Out of London’s growing vogue for supper clubs come two in particular that understand this irresistible lure of food and culture.  The Literary Hour, which originated out of a group of friends' Haringey kitchen, lays on suppers inspired by classic writers and books. Kino Vino, a cinema supper club, puts on stylish evenings of feasting from the national cuisine of the particular film screened at the beginning of the night. This is cooking which inspires nostalgia, whilst also sparking visions of unfamiliar places and flavours.

The Literary Hour has been going strong for nearly two years now. Head chef Jude Skipwith started exploring culinary possibilities with her housemates in the summer of 2015. Thumbing through childhood copies of Roald Dahl stories, they dreamed of snozzcumbers, edible wallpaper, and luscious giant peaches. They put together their first menu, and ‘Charlie and the Chocolate Factory’ golden ticket chocolate bars were sent out to their guests in the post as invitations. Since then, they’ve done ‘Silence of the Lambs’ for Halloween (duck hearts, lamb shanks, and blood-like gazpacho), and then moved on to the stories of the Brothers Grimm, using pumpkins leftover from Cinderella’s carriage, and peas that rolled out from under the Princess’s mattress, presumably. Beatrix Potter inspired last year’s spring supper club, with their dining table laid with an edible vegetable patch of seeds and olive tapenade ‘soil’, and tiny blue felt Peter Rabbit jackets as table settings.

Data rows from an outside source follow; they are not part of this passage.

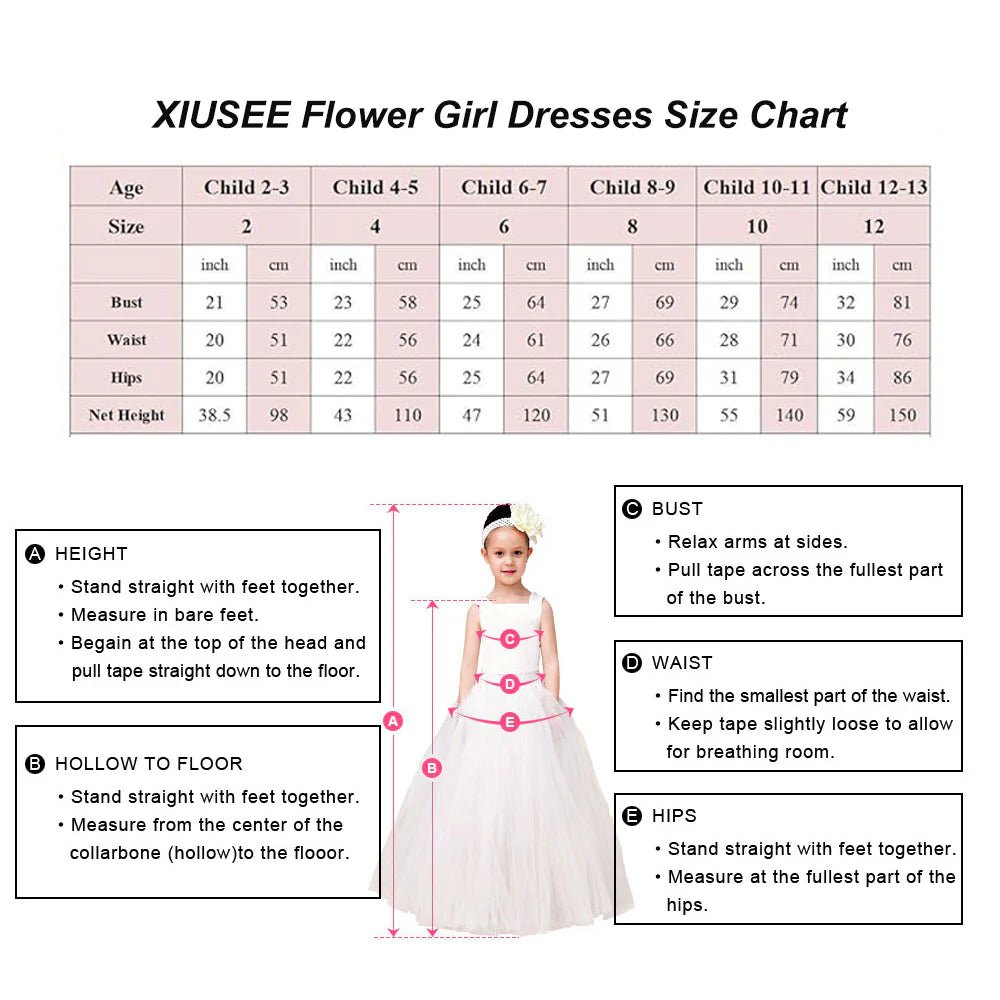 Applique Lace Tulle Flower Girl Dress for Wedding Bridesmaid First Communion Dresses Princess Pageant Party Gown FLC00427 (MORE COLORS+) - Lycody
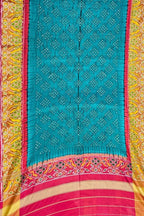 Blue Patola Silk Handloom Dupatta with Hand Bandhej - Luxurion World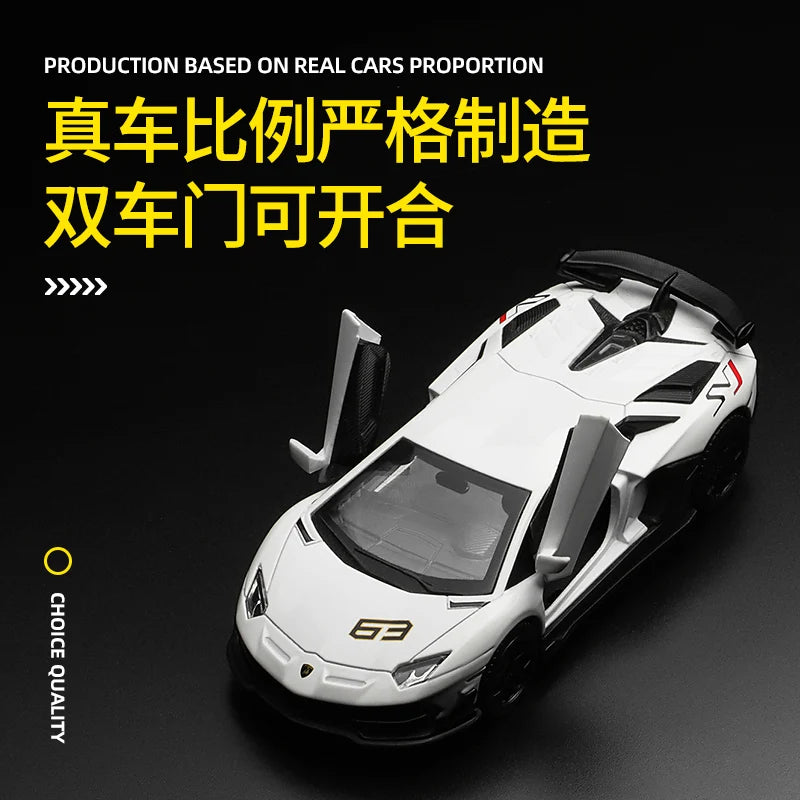 CCA MSZ 1:36~1:47 Lamborghini Aventador SVJ 63 Maserati Land Rover Guard BMW Benz Car Model With Helmet Acrylic Box Alloy Car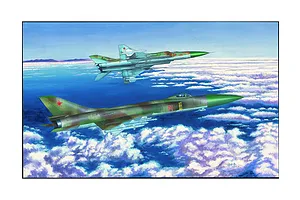Box art illustration of two Su-15 Flagon jet fighters flying in formation above a cloud layer.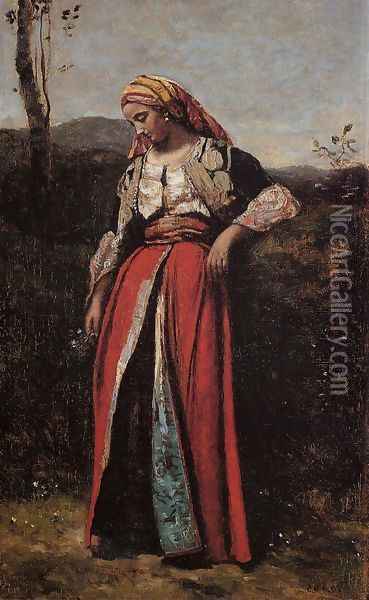 Pensive Oriental Oil Painting - Jean-Baptiste-Camille Corot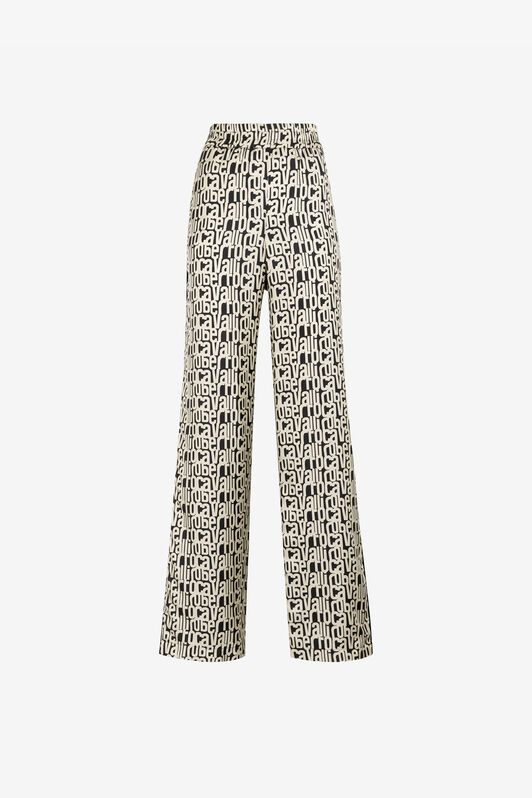 RC Logo-Print Silk Trousers Black/White RKT210-4QH82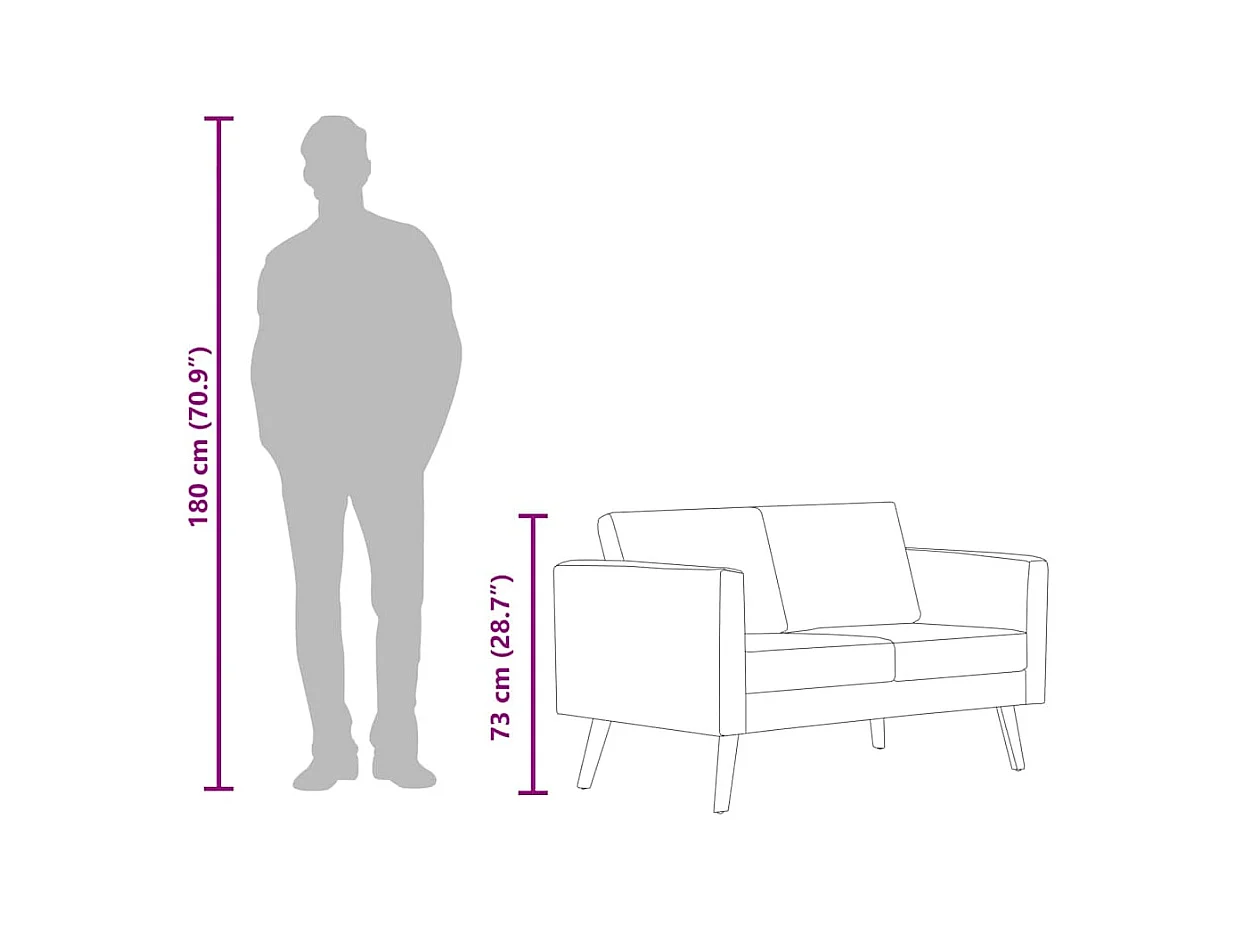 Tweezitsbank stof geel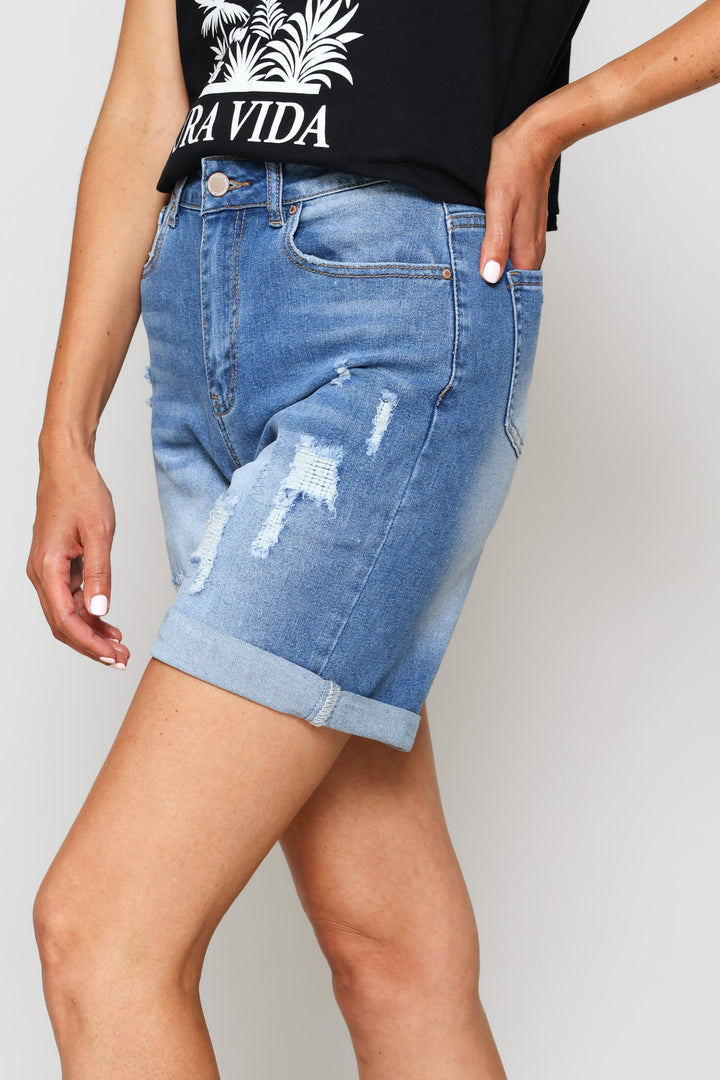 Rip & Repair Roll Hem Bermuda Short - Stonewash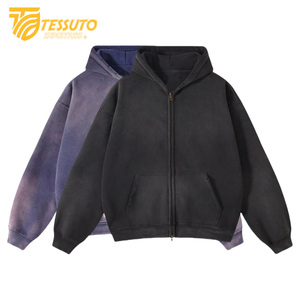 Sudadera con capucha de lavado ácido morado y negro para hombre, Sudadera con capucha de lavado ácido transpirable de algodón Original, ropa informal, sudadera con cremallera y desvanecimiento del sol - Product Image 1
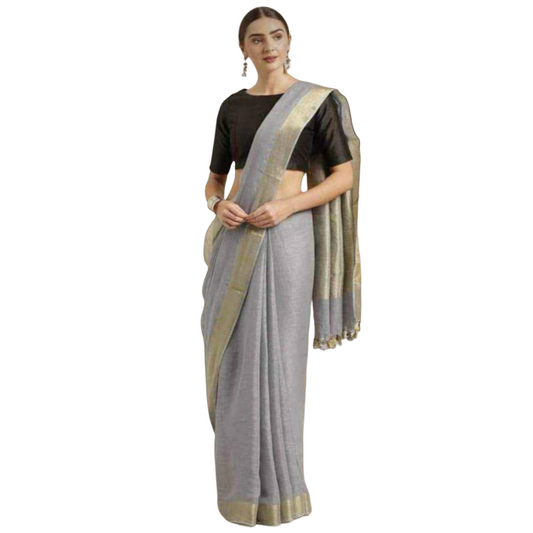 Grey Linen By Linen Saree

Over Christmas they made the decision to upscale, moving their pots, pans, knives and pile of battered paperbacks to Styx. The multi-purpose arts venue in Tottenham gave them the space for their most inventive and ambitious supper club to date. Diners found themselves in an everlasting Narnian winter, complete with an indoor forest of fir trees with sprayed-on 'snow' and frequent belchings of dry ice. Warming up with steaming cocktails and hot water bottles, we sat down to feast under the most beautiful canopy of branches and fairy lights. I found myself taken back to childhood evenings reading ‘The Lion, The Witch and The Wardrobe’ as the courses began to roll out. To start: a deliciously smooth celeriac velouté in a teacup, served with a black pepper scone and horseradish butter to warm our bellies. As we listened to the words of the Pevensies fleeing the wrath of the White Witch (readings between courses continue to be The Literary Hour’s signature touch), we tucked into an adorable 'ham on the run' picnic spread of the sort the beavers might have packed for them, although perhaps their version wouldn't have had the beaver salami we sampled. Of course, there was handmade Turkish Delight. After some boozy hot chocolate and pudding with marmalade vodka, we were ready for home.

Speaking to The Literary Hour’s founder Jude, it is evident that she is utterly obsessed with food, a highly talented amateur chef learning new techniques as she goes. She remembers in particular the challenge of making gorgeously fresh duck egg ravioli, ensuring the pasta was cooked whilst the egg yolk inside remained runny. Upcoming menus are often researched at the bottom of her garden with a picnic basket of cold prosecco and crisp salad, and she has been to every corner of London in her quest for the best ingredients. While her cooking remains essentially local and European, she’s a dedicated foodie traveller, and starts reminiscing about dishes of currywurst in Berlin and chicken heart kebabs in Thailand during our conversation. In her opinion, “Food is such a fantastic way to begin understanding a different country and their different culture. When language might be a barrier, it is the easiest - and most delicious - way to connect to people.”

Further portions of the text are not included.